Records to use section start

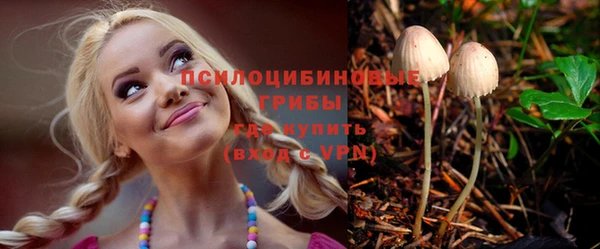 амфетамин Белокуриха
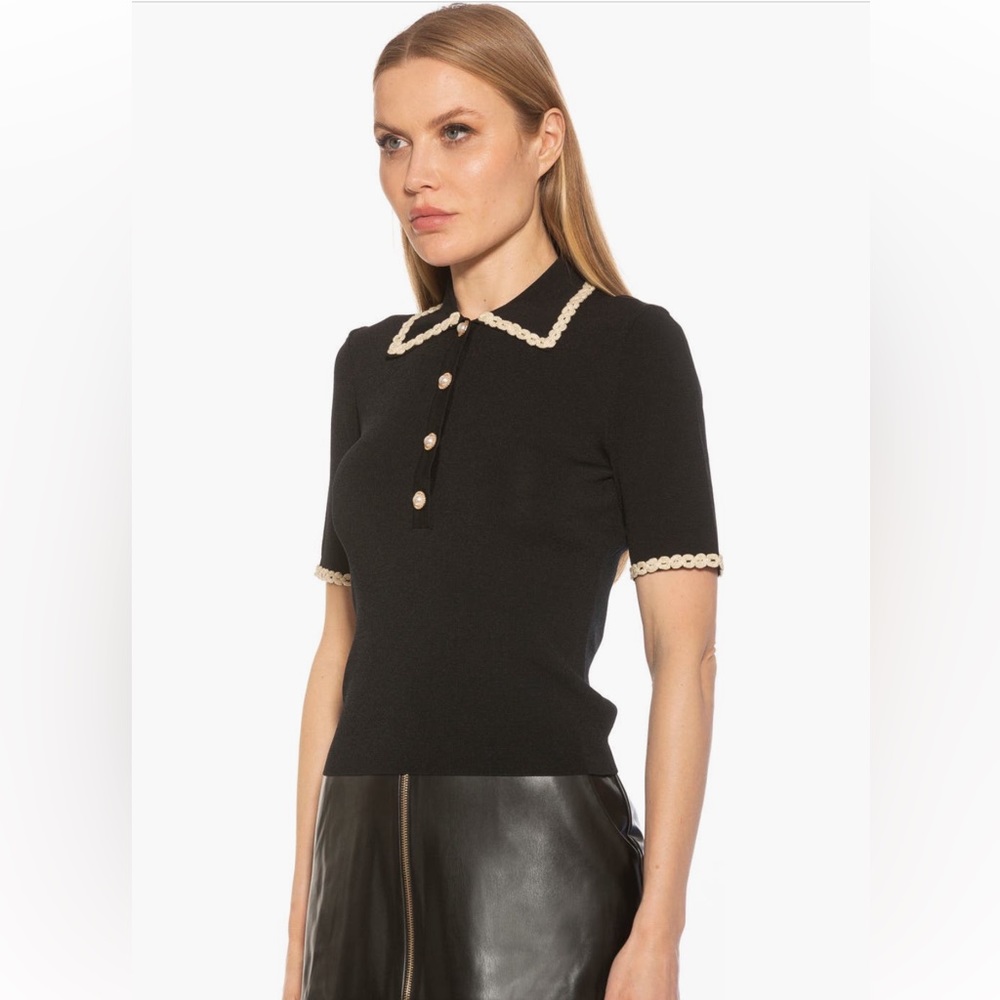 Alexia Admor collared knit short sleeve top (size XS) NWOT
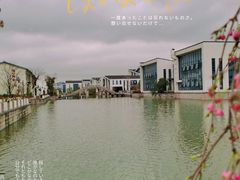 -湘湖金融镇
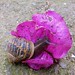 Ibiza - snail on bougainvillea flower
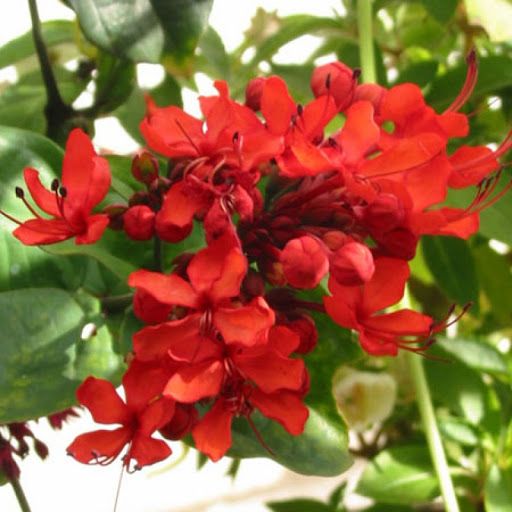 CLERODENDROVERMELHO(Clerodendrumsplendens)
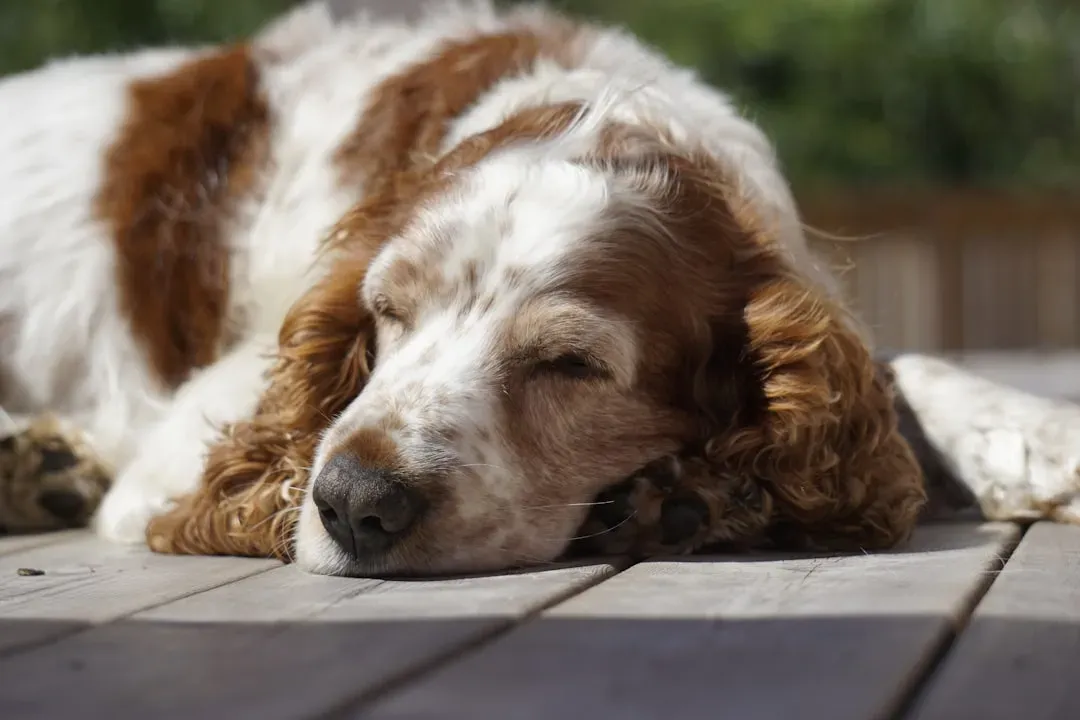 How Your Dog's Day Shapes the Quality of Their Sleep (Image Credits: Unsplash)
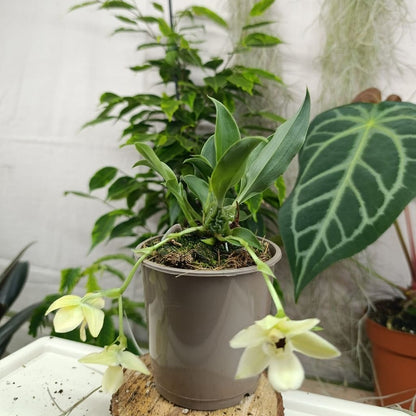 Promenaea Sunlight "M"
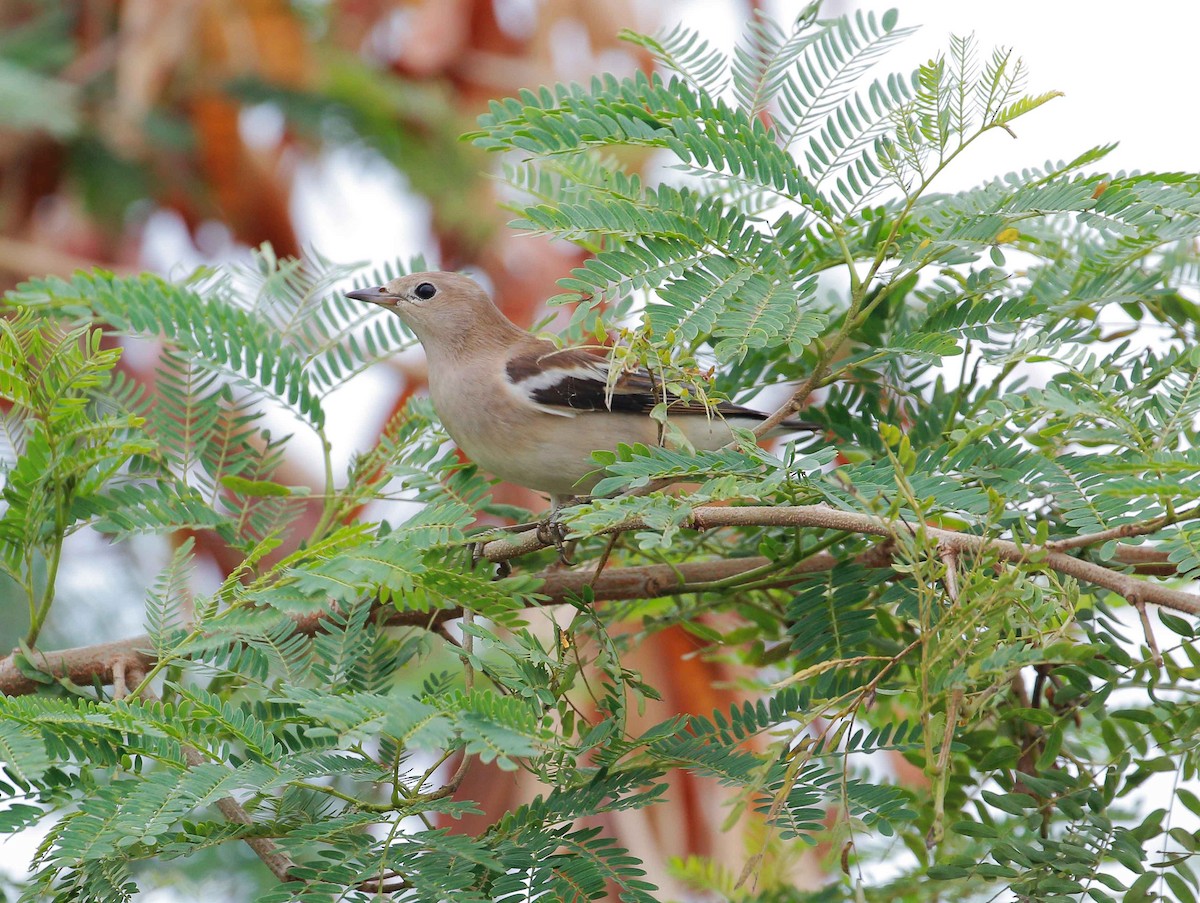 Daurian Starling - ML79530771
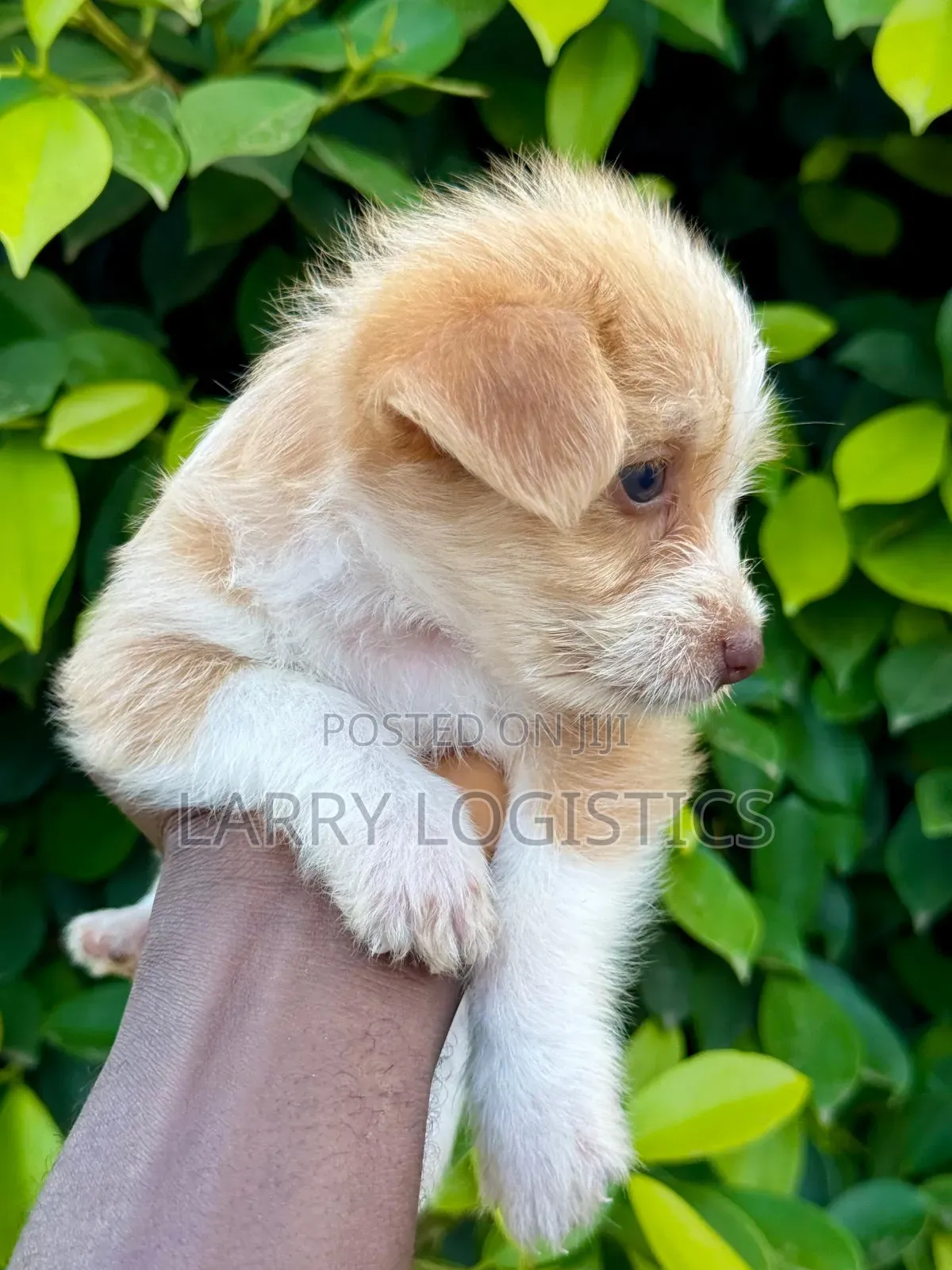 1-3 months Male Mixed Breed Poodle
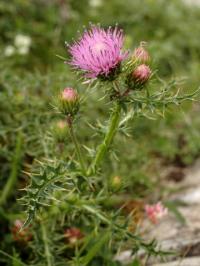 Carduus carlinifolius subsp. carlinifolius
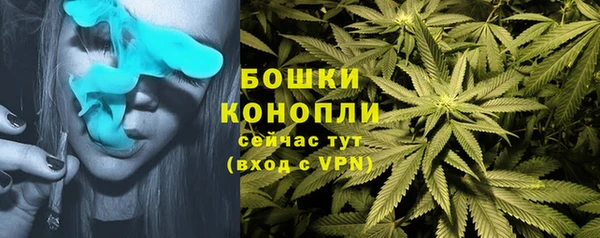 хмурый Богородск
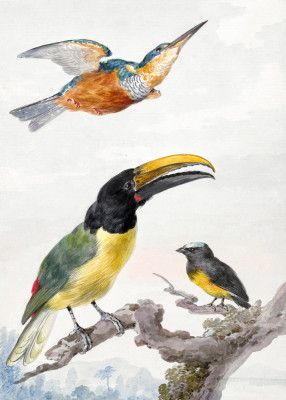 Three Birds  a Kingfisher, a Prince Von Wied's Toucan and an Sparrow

Records to use section end

- _What the task asks_:
Exact copy required, pictures excluded: the lines from the one holding "Ibiza - snail on bougainvillea flower" through the last line of the data, both ends included.

- _Solution below_:
 Ibiza - snail on bougainvillea flower
 CLERODENDROVERMELHO(Clerodendrumsplendens)
 How Your Dog's Day Shapes the Quality of Their Sleep (Image Credits: Unsplash)
 Promenaea Sunlight "M"
 Daurian Starling - ML79530771
 1-3 months Male Mixed Breed Poodle
 Carduus carlinifolius subsp. carlinifolius
 хмурый Богородск
 Three Birds  a Kingfisher, a Prince Von Wied's Toucan and an Sparrow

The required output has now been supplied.